I have an episode that hasn't come out yet with this former cocaine smuggler for Pablo Escobar.
And he actually was not a criminal before.
What happened was his dad died and he got scammed by some other guy again and he was 20 or something, trying to deal with his dad's estate.
And his family didn't know.
And he was trying to make it and trying to finish this business that his father had started and blah, blah, blah, blah, blah.
And he was just like, oh, I see.
In this world, the people that make it are the people that scam other people, that break the law, that don't take any prisoners and are no holds barred.
So he becomes a cocaine smuggler because one, he needs the money to finish the business, but two, he's like, screw ethics.
This has only gotten me screwed over by other people.
I'm going to start smuggling drugs because I need the money and also like, screw it.
People who obey the law are basically suckers.
Is that the same guy from Cocaine Air?
Yes.
It's the guy from Cocaine Air.
Yeah, that's right.
Yeah, that's, he's cool.
He's a Cuban guy.
Yeah.
Yeah.
I grew up in Miami in the 80s, so there's a lot of cocaine stories.
Jeez.
Yeah, I can imagine.
Once again, we're in the wrong business.
We became podcasters when there's all these good scams out there and cocaine business.

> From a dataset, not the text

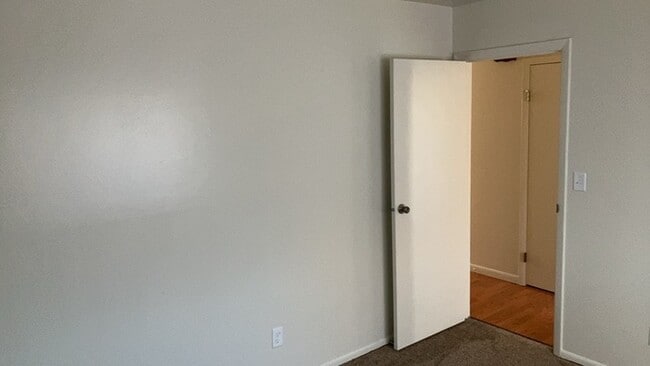 Building Photo - 970 W Alkaline Springs Rd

Here we are behind microphones, like a couple of dorks.
Were the police involved at any point?
Because once you've got 100 scam victims, it's like, come on detective how much more information do you need to come up with some charges with the da here this is crazy yeah i mean nothing serious right the only legal consequences that bill sullivan got was from his involvement in that company that he ripped off but from these women sometimes they would call the cops because they wanted their possessions back they wanted the car back or something like that But in terms of, has he been prosecuted because of some of these romance scams?
no not really because it's on paper it's what did he do convince somebody they willingly put their name on that loan or you're right i mean it when things get really bad there are ways like with diddy it's like okay well we're gonna throw some trafficking stuff at you or fraudulently this that and the other thing but you're right it's tough to go through text messages where someone's like hey baby my business is really screwed up my credit and i really need a car because i can't go to meetings Will you co-sign a Mercedes for me?
Sure, anything for you.
It's like, you weren't exactly coerced.
The crime is that he's an asshole.
Yeah, a charming asshole.
That he's a liar.
What's the crime?
It's tough.
I got to wonder what the reaction is when a new woman sees the posts in the group.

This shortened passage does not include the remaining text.